INSTANT VIEW - UK banks in govt funding talks and shares plunge

Source: Reuters

Date :08/10/2008 14:50:01

The government pumped 50 billion pounds of taxpayers' money into its banks on Wednesday, seeking to revive Europe's top financial centre and help allay an economic storm threatening industry and jobs around the world.

By Sumeet Desai and Jodie Ginsberg

"We have led the world today with a proposal to restructure our banking system," Prime Minister Gordon Brown said after emergency overnight talks with banking chiefs. "We are taking the steps that I believe that other countries will take in the future."

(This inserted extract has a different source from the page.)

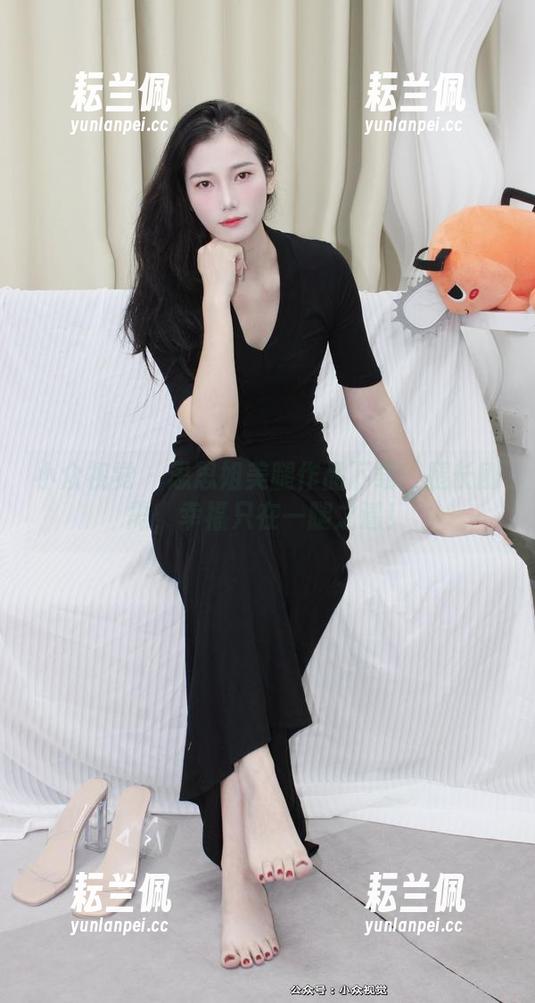 小众视觉 - 思思姐美腿作品下载：腿长刚需，幸福只在一腿之遥！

The talks followed a day of dramatic falls on Tuesday in the shares of British banks, threatened by a global collapse in confidence between banks that has led to a freezing up of lending, the lifeblood of the economy at large.

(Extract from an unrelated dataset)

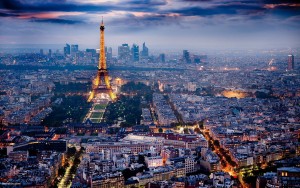 486797408-Eiffel_Tower_Paris_city_lights_city_skyline_2560x1600-qx6R-2560x1600-MM-100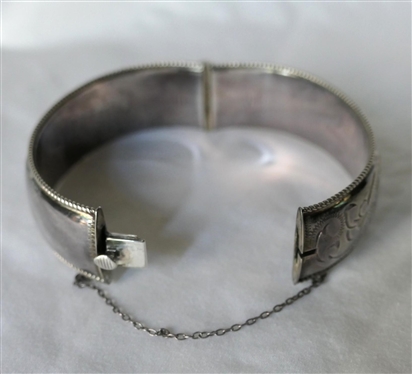 British Hallmarked Sterling Silver Hinged Bangle Bracelet Hand Chased - 3/4 Wide - 34.5 Grams Total Weight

Just days after the U.S. approved a $700 billion (399 billion pound) package to rescue its crisis-hit financial system, Britain said it would buy new preference shares or similar instruments, guarantee up to 250 billion pounds to help banks refinance debt, and make at least 200 billion pounds of liquidity available to the market.

The bank support plan was announced just hours ahead of a co-ordinated 0.5 percentage point cut in key interest rates around the world led by the U.S. Federal Reserve.

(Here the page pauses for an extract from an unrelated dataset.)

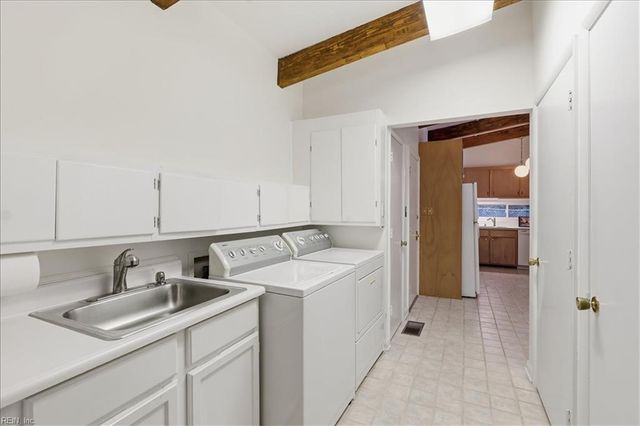 54 N Willard AVE, Hampton, VA 23663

German deputy Finance Minister Joerg Asmussen said the move would help financial stability in Europe. "It contributes to the stability of the British financial system and we know what importance that has for the European financial system," he said.

Some British banks have lost nearly half their value on the stock market amid investor fears they could collapse if they were not handed a massive liquidity lifeline.

STOCKS FALL

Banks welcomed the plan, and the stock of one of the more beleaguered players, HBOS, soared by 50 percent on Wednesday. Royal Bank of Scotland, which fell heavily on Tuesday, was up 26 percent, although other banks were lower.

Investors said the importance of the deal went well beyond the interests of shareholders. Banks might, it was hoped, be able to resume doing what banks were intended to do -- loan money to feed the economy.

"This package is operating at two levels -- immediate capital strengthing, takes out all the future issues in terms of future (capital) raising, and allow banks to operate with some degree of higher certainty, which allows them to operate as the financial entities they are supposed to be," said Emanuelle Ravano, Managing Director, Pimco Europe. Pimco is the world's biggest fixed income asset investor.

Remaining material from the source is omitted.